# [Required action]
Please retype, character for character, the portion of the entries below that runs from the line containing "A dining table" to the last line.

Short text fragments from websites
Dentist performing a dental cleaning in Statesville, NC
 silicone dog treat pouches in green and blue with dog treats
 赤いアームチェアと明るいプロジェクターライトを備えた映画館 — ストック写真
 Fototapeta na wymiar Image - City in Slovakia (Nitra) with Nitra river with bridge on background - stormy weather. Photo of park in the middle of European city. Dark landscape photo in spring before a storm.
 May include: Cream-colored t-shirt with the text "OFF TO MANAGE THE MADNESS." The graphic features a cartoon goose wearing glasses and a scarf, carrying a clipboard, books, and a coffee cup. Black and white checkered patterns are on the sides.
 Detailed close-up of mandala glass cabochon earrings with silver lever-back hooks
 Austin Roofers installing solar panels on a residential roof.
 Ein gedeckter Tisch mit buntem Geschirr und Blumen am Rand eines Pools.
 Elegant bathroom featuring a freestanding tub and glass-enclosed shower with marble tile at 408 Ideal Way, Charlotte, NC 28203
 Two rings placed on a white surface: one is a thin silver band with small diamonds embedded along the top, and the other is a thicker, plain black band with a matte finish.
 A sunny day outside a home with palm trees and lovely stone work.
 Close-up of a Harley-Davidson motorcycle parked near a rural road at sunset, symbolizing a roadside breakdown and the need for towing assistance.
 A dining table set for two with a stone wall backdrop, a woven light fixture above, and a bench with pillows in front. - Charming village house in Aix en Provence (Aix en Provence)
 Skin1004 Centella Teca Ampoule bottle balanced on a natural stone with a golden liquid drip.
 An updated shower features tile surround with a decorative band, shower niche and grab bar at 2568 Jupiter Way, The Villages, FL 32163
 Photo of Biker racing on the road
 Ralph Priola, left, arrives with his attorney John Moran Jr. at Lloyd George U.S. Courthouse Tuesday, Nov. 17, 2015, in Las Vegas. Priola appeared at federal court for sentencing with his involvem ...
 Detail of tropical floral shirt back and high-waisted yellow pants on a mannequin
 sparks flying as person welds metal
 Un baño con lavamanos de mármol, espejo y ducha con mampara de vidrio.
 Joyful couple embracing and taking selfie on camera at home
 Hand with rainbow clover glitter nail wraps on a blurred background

# [Task answer]
 A dining table set for two with a stone wall backdrop, a woven light fixture above, and a bench with pillows in front. - Charming village house in Aix en Provence (Aix en Provence)
 Skin1004 Centella Teca Ampoule bottle balanced on a natural stone with a golden liquid drip.
 An updated shower features tile surround with a decorative band, shower niche and grab bar at 2568 Jupiter Way, The Villages, FL 32163
 Photo of Biker racing on the road
 Ralph Priola, left, arrives with his attorney John Moran Jr. at Lloyd George U.S. Courthouse Tuesday, Nov. 17, 2015, in Las Vegas. Priola appeared at federal court for sentencing with his involvem ...
 Detail of tropical floral shirt back and high-waisted yellow pants on a mannequin
 sparks flying as person welds metal
 Un baño con lavamanos de mármol, espejo y ducha con mampara de vidrio.
 Joyful couple embracing and taking selfie on camera at home
 Hand with rainbow clover glitter nail wraps on a blurred background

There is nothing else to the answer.